Action item: Would you please restate the data exactly as it stands, apart from the pictures?

Given material:
▼▼▼

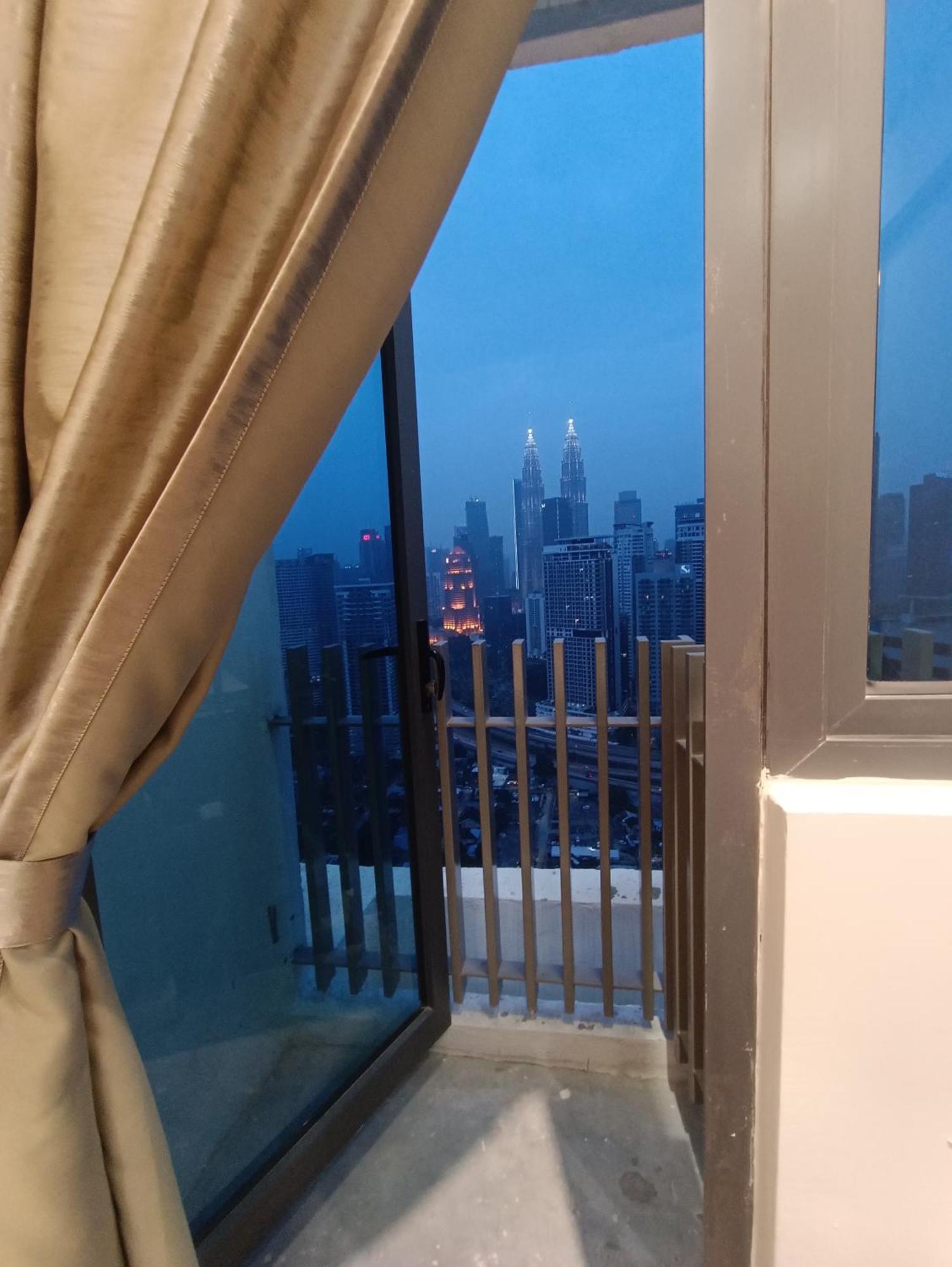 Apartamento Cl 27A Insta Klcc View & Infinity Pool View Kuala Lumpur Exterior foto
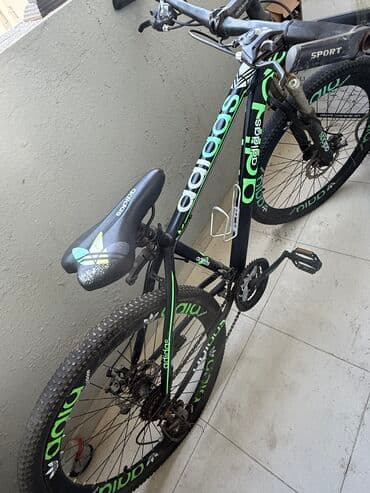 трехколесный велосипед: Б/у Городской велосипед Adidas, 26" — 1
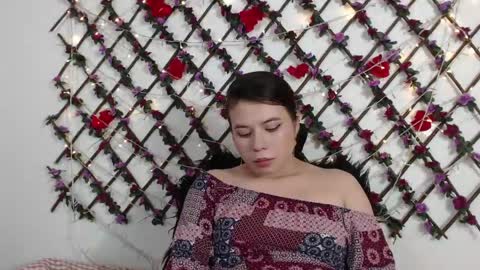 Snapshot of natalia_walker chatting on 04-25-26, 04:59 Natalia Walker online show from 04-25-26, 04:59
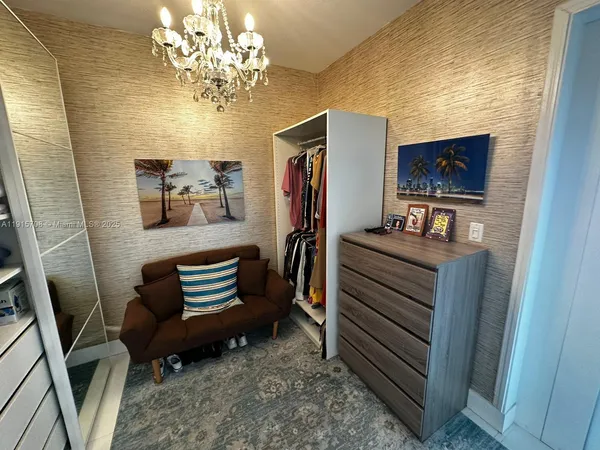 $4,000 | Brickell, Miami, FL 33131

▲▲▲

Answer to this exercise:
 Apartamento Cl 27A Insta Klcc View & Infinity Pool View Kuala Lumpur Exterior foto
 трехколесный велосипед: Б/у Городской велосипед Adidas, 26" — 1
 Snapshot of natalia_walker chatting on 04-25-26, 04:59 Natalia Walker online show from 04-25-26, 04:59
 $4,000 | Brickell, Miami, FL 33131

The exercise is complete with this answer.